Filistin resmi haber ajansı WAFA'ya göre Abbas, Filistin direnişinin efsane lideri Arafat'ın vefatının 21. yılı münasebetiyle düzenlenen törende konuştu.
"Arafat'ın yürüdüğü yoldan devam ediyoruz." diyen Abbas, Filistin halkının; düşünceleri, mücadelesi ve derin inancıyla, özgürlük ve onura inanan bir halkın davasını somutlaştıran Arafat'ın yürüyüşü önünde saygıyla eğildiğini ifade etti.
Abbas, şunları kaydetti: "Modern Filistin ulusal projesinin kurucusu, bağımsız ulusal karar almanın sembolü, vatandaki ve diasporadaki halkların birliğinin koruyucusu Arafat, 1974'te Birleşmiş Milletlerde (BM) ilk konuşmayı yapan ve 1988'de Bağımsızlık Bildirgesi'ni kaleme alan kişidir. Arafat, sevdiği ve uğruna şehit olduğu Kudüs'ün surlarına, minarelerine ve kiliselerine Filistin bayrağını asmak konusunda verdiği sözü yerine getirmiştir. Arafat, Filistin halkının kalbinde ve milletin vicdanında devrimin, onurun, birliğin, özgürlük ve bağımsızlığa ulaşma kararlılığının sembolü olarak varlığını sürdürecektir."
Filistin yönetiminin ulusal sabitelere ve mücadeleye bağlılığını sürdürdüğünü, Filistin söylemini güçlendirmeye devam ettiğini söyleyen Abbas, Filistin Devleti'ni tanıyan ülke sayısının 160'a ulaştığına dikkati çekti.
Abbas, başında bulunduğu Filistin yönetiminin uluslararası mahfillerde dost ve kardeş ülkelerle Filistin halkının hedeflerini ve işgalin son bulması için birlikte siyasi ve diplomatik çalışmalar yürüttüğünü ifade etti.
Yasir Arafat
Filistin'in efsanevi lideri Yasir Arafat, 1929'da Kudüs'te dünyaya geldi.
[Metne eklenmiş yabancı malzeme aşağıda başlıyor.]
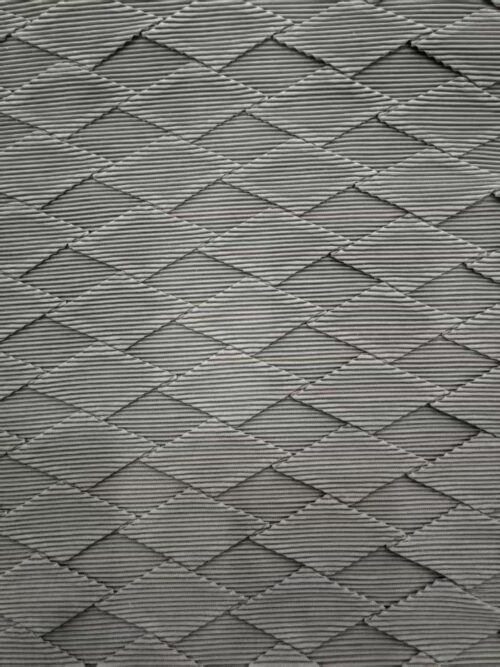 Pleated Fabric SN-241206-2 | Snow Textile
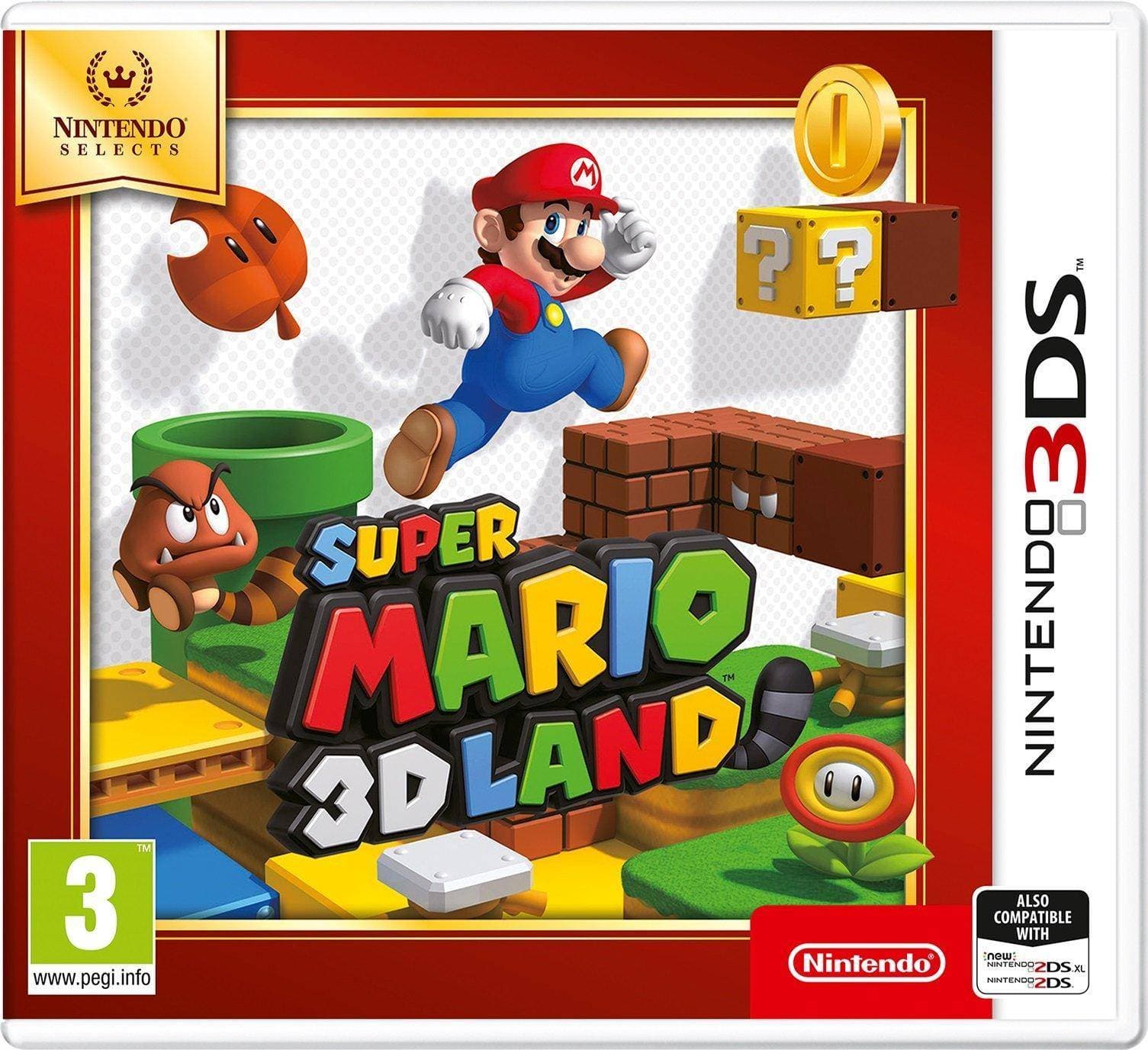 Super Mario 3D Land (3DS)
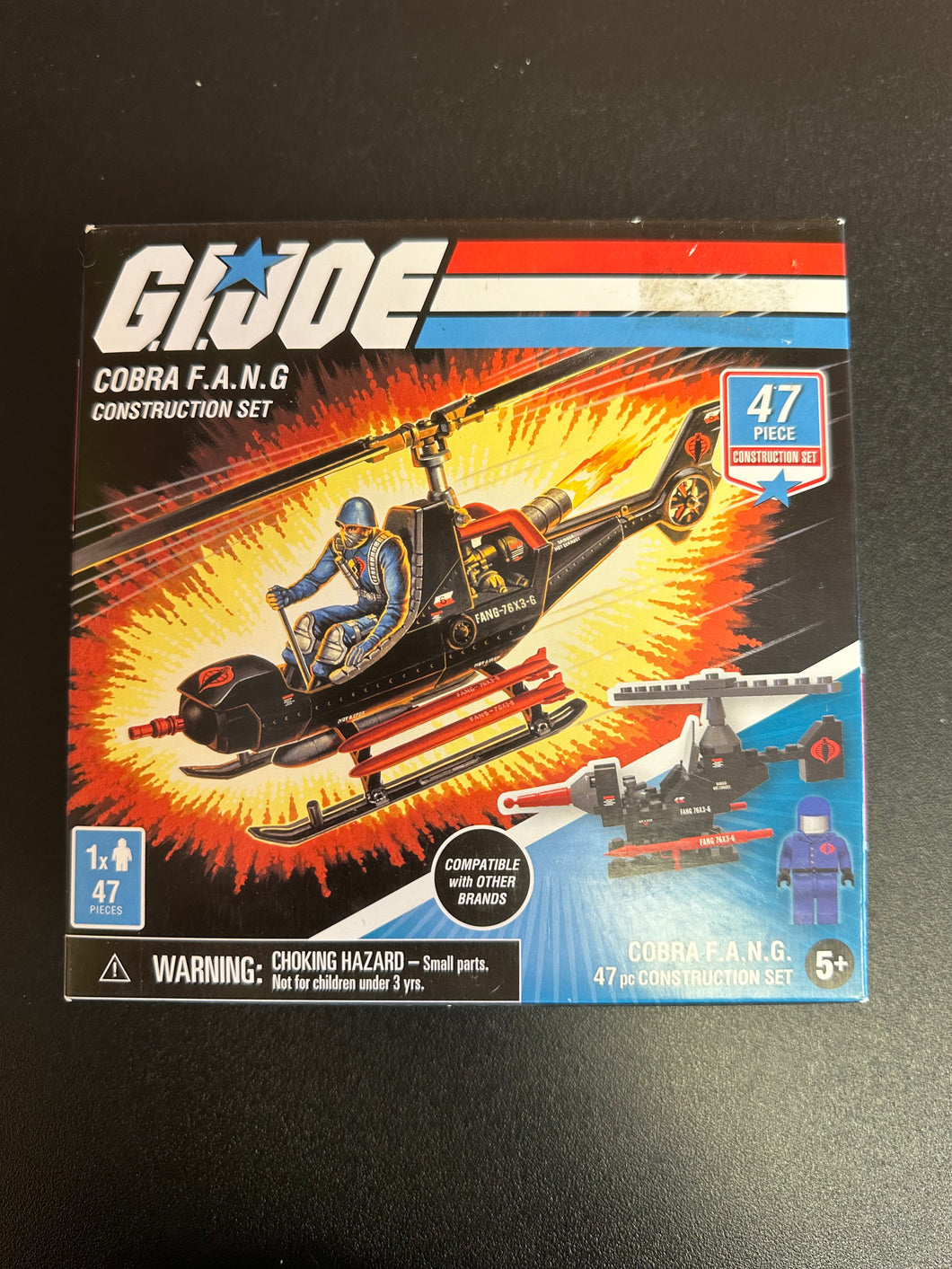 Hasbro G.I. Joe Cobra F.A.N.G. Construction Set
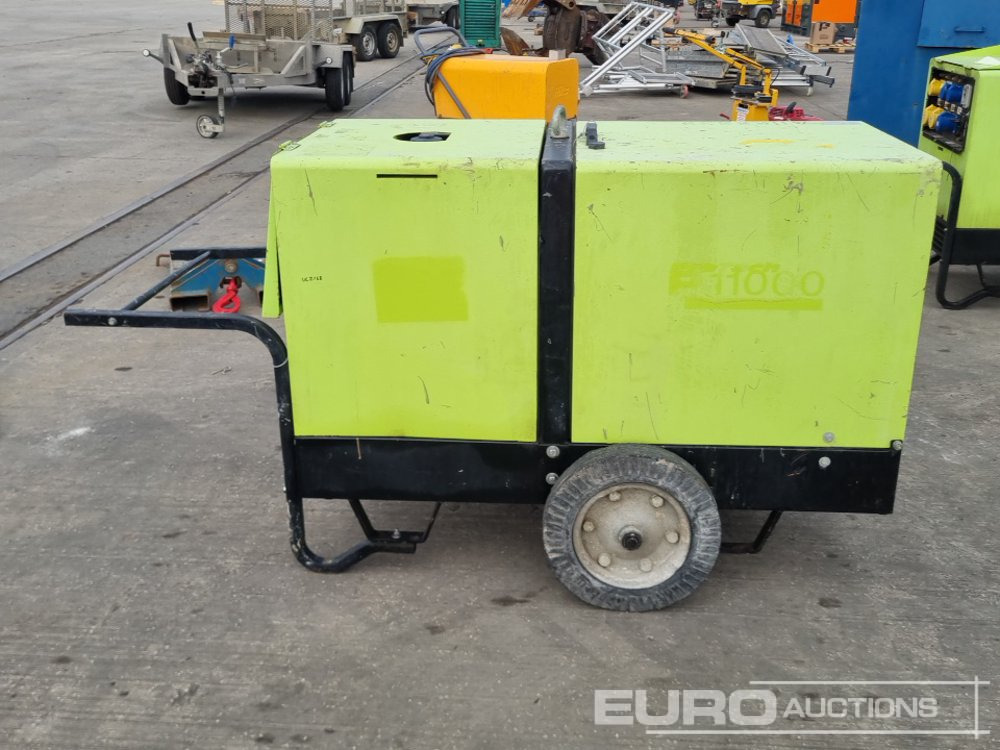 2020 Pramac P11000+HUK - Strømgenerator: billede 2 2020 Pramac P11000+HUK - Strømgenerator: billede 2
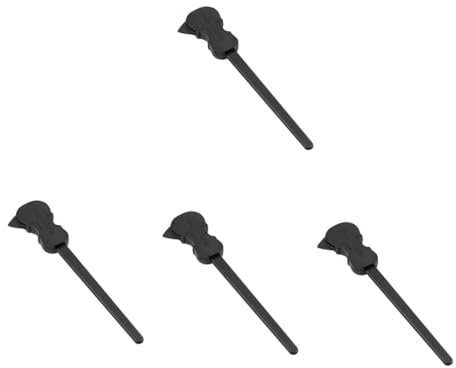 ibasenice 4pcs Guitar Bow for Acoustic and Folk Music Versatile Double-sided String Tool Lightweight Material for Easy Playing Techniques for Beginners and Professionals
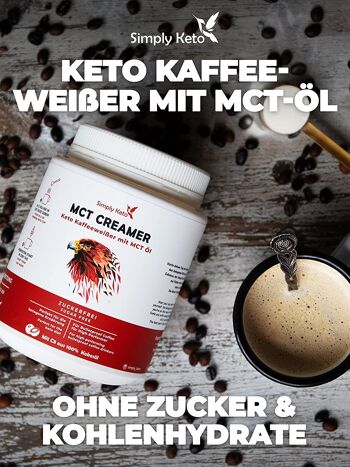 Pot de stockage MCTCreamer 5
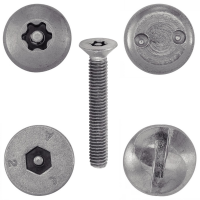 Vis à Métaux Inviolables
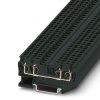 Blok zacisków przelotowych Phoenix Contact 28 → 12AWGObudowa ze sprężyną ST 2.5-QUATTRO BK 800 V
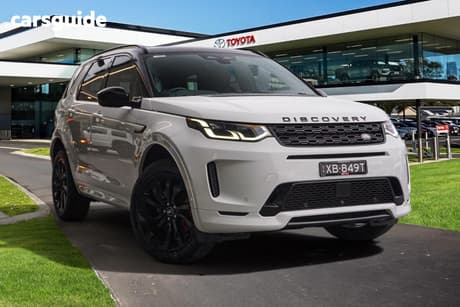 White 2021 Land Rover Discovery Sport Wagon P250 R-Dynamic Se (183Kw)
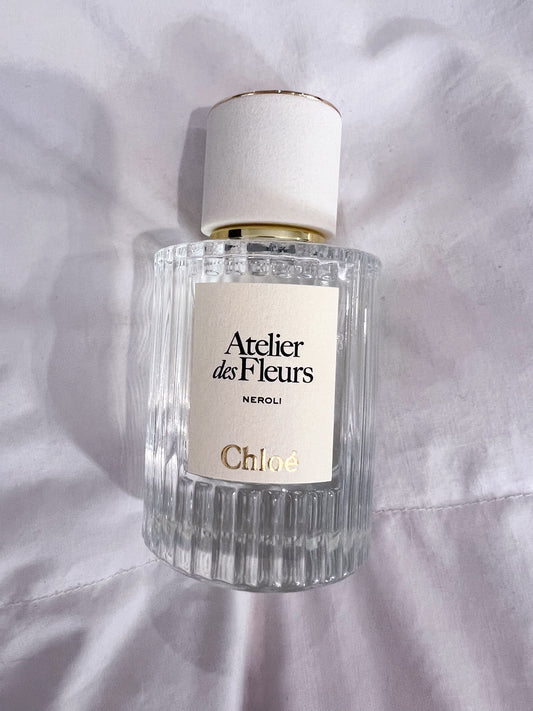 Chloe atelier des fleurs Neroli decant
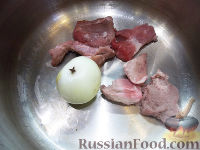 Фото приготовления рецепта: Зеленый борщ со щавелем и рисом - шаг №1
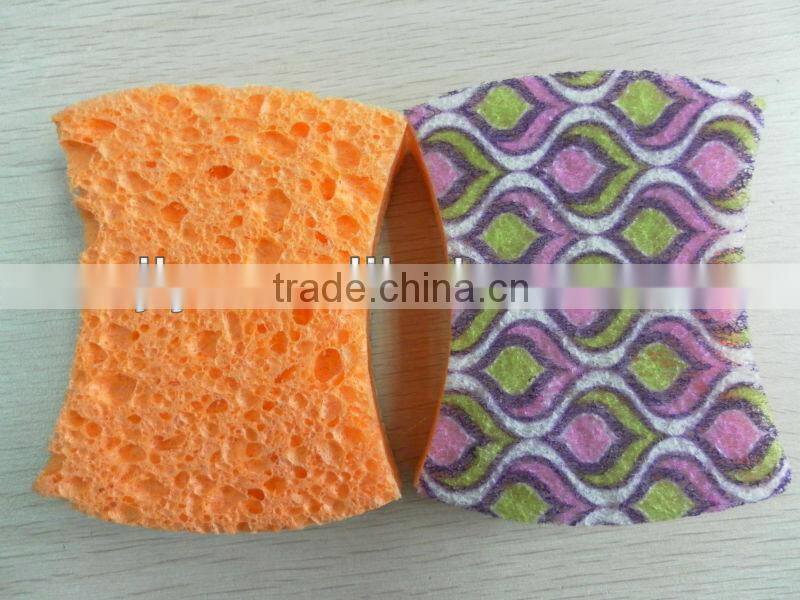 Cellulose Sponge Kitchen Decorative Sponge Factory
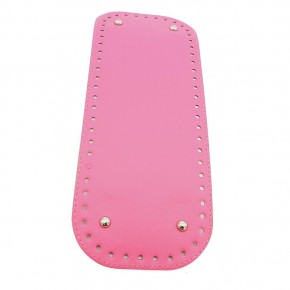 Çanta Aksesuar Suni Deri Fuşya Renk 32X12 cm Dikdörtgen Çanta Tabanı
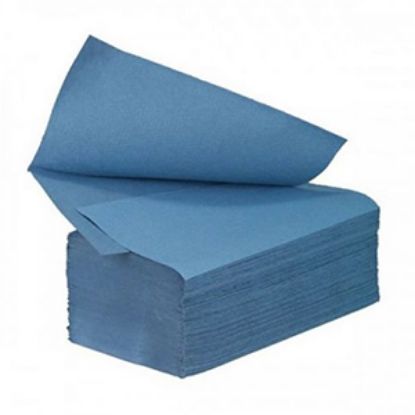 [MPPJ427] Paper Towel Interfold Blue 1 Ply x 5000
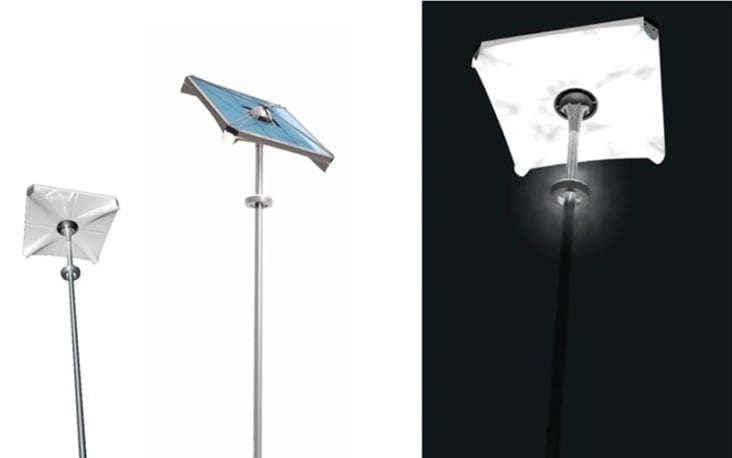 Solar – Strassenlaterne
Arafat, siyaset sahnesine 1952'de Kahire'de Filistinli Öğrenciler Birliği Başkanı seçilerek girdi.
Fetih Hareketi'ni 1959'da kurarak Filistin direnişinin sembol ismi haline geldi.1969'da Filistin Kurtuluş Örgütü (FKÖ) başkanı seçilen Arafat, örgütü Filistin halkının tek meşru temsilcisi konumuna taşıdı. 1970'lerin başında Ürdün'den ayrılarak Lübnan'a geçen Arafat, orada hareketin merkezini kurdu. 1982'deki İsrail işgalinin ardından Lübnan'dan Tunus'a geçen Arafat, Filistin mücadelesine Tunus'tan devam etti.
Arafat, İsrail'le 1993'te imzalanan Oslo Anlaşması ile barış sürecinin öncülerinden biri oldu. Bir yıl sonra 1994'te İsrail Başbakanı Yitzhak Rabin ve Şimon Peres'le birlikte Nobel Barış Ödülü aldı. Arafat 2000'li yıllarda İsrail tarafından Ramallah'taki karargâhında kuşatma altına alındı.
Arafat, 11 Kasım 2004'te Fransa'nın başkenti Paris yakınlarındaki Percy Hastanesi'nde 75 yaşında hayatını kaybetti. Arafat, işgal altındaki Batı Şeria'da Ramallah'ın Mukataa bölgesinde kendisi için hazırlanan yere defnedildi.
Filistinliler, Arafat'ın ölümünün arkasında İsrail'in parmağının olduğunu öne sürdü. İsrail'in Arafat'ı zehirleyerek öldürdüğü iddiaları üzerine Filistin yönetimi, resmi bir soruşturma komitesi kurdu ancak komitenin başkanı Tevfik Tiravi'nin birden fazla kez "veriler ve kanıtlar İsrail'in suikastın arkasında olduğunu gösteriyor" şeklindeki açıklamalarına rağmen, inceleme ve araştırmanın sonucuna dair resmi ve net bir sonuç açıklanmadı.